Jason Barnard speaking: For example, it understands Jason Barnard. It understands that I am an alumni of Liverpool John Moores University. It understands that John Lennon also attended that university. And that means I am just one hop away from John Lennon, and I get a place next to him in a carousel in a Google SERP.
Jason Barnard speaking: We will see Google displaying items using this type of indirect path relationship in the coming years. This is going to be an amazing opportunity to get more visibility on Google properties, not only Google Search but also Discover, Images, Books, Podcasts, YouTube, and any other services Google releases.
Jason Barnard speaking: I play a game that I call Knowledge Panel hopping. It is a little like the Six Degrees of Kevin Bacon, but I am playing the game to understand the paths Google has in its Knowledge Graph and to inspire ideas about what information, attributes and relationships, I can best leverage when educating Google about an entity.
Jason Barnard speaking: Once you have got all the basics in place, Knowledge Panel hopping will enable you to better understand where you need to go next. Also, as you can see here, a quick hop back and forth uncovers information Google has in the Knowledge Graph that it didn’t initially show. And Knowledge Panel hopping is something we can expect to become natural and normal behaviour by Google’s users as it adds more Knowledge Panels and more factual information in and around those panels.

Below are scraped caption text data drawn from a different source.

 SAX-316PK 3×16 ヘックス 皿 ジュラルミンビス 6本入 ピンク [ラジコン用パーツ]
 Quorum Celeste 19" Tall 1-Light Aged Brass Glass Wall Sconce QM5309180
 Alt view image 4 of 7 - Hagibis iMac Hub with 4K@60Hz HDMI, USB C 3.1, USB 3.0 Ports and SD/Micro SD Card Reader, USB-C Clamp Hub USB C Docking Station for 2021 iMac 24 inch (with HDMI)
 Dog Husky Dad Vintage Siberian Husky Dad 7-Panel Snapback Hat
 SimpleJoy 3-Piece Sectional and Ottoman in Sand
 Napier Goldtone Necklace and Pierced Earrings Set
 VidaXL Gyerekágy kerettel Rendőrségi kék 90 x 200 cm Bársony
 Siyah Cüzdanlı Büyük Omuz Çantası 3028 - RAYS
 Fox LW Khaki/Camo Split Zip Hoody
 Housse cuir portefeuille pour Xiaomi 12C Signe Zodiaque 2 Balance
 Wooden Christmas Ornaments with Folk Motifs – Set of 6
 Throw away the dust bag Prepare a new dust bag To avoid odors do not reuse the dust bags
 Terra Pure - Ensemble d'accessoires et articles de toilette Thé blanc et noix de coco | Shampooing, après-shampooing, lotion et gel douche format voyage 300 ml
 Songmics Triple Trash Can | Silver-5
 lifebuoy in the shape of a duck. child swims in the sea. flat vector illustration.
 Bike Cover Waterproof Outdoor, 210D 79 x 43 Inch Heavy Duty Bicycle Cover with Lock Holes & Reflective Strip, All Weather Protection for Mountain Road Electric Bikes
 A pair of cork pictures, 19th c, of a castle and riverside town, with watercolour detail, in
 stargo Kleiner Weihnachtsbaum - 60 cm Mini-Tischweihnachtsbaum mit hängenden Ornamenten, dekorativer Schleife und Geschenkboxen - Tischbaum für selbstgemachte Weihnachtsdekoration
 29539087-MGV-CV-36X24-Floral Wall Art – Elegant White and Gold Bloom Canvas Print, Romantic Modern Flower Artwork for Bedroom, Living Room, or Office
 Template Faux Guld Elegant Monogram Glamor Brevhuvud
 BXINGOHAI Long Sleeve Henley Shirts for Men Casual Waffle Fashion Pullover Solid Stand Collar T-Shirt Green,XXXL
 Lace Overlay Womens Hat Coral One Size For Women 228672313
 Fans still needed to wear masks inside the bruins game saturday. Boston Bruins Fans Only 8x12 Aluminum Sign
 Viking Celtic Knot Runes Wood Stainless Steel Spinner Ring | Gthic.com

Jason Barnard speaking: Researching a film or a film star purely on Google’s SERPs is something people already do. In a few years, thoroughly researching a person, a product, or a company using just the factual information provided by Google is likely to become commonplace. And at that point, our audience using Google will be looking at us through Google’s eyes, and Knowledge Panel hopping will not be a game any more. And path analysis will be a huge part of Knowledge Panel management.